Provided records:
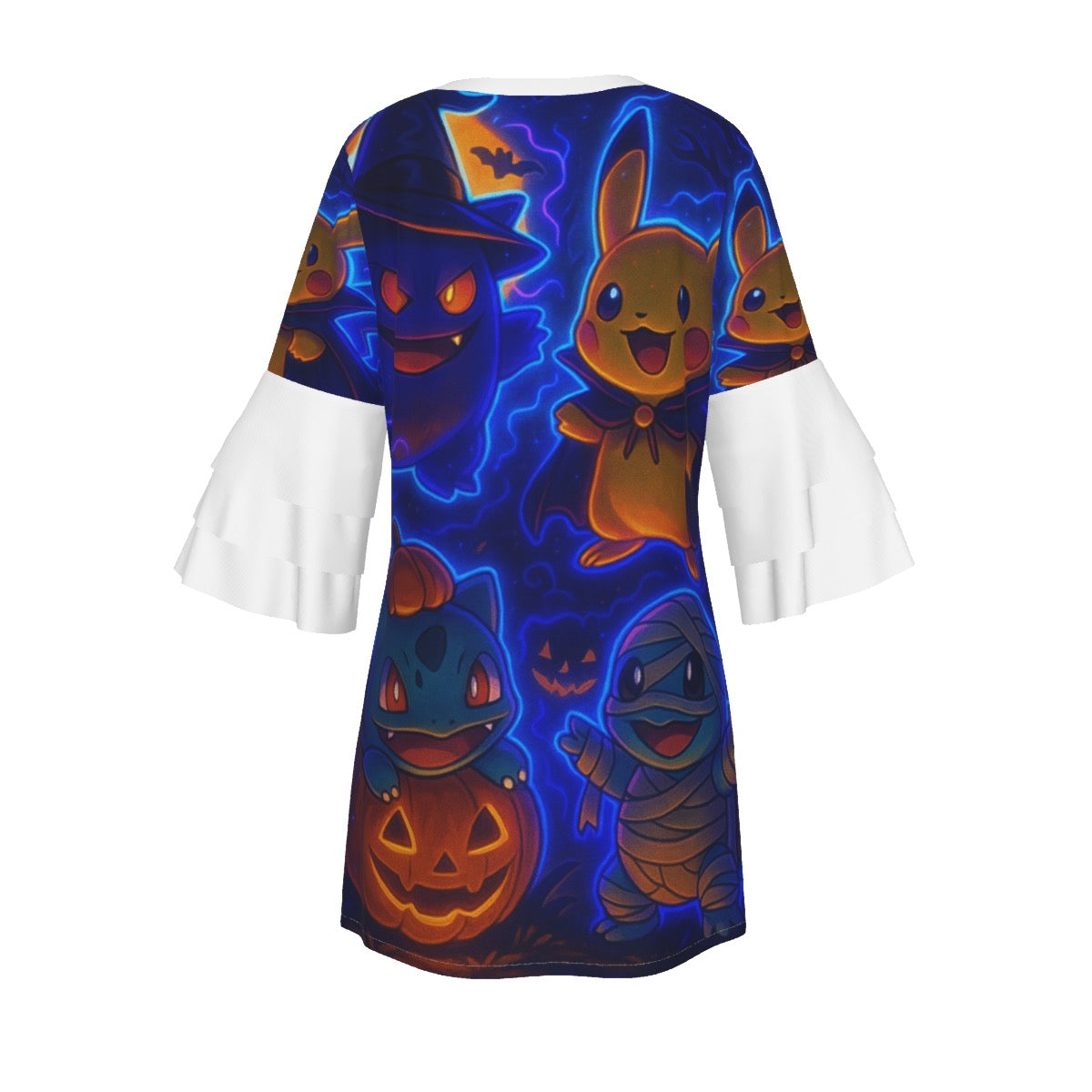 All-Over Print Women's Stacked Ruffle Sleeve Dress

--

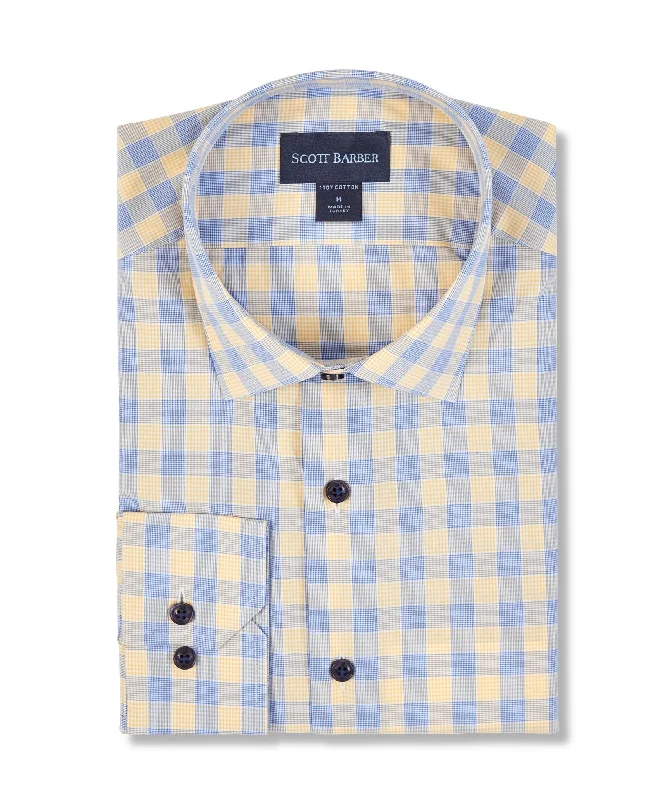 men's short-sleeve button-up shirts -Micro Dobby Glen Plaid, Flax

--

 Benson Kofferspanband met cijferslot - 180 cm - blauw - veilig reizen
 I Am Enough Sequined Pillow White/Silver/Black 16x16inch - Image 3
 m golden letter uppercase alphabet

Problem to solve: Precisely the lines between those holding "I Am Enough" and "m golden letter uppercase alphabet", inclusive, are to be reproduced from the listing above, with nothing added.

Exercise solution:
 I Am Enough Sequined Pillow White/Silver/Black 16x16inch - Image 3
 m golden letter uppercase alphabet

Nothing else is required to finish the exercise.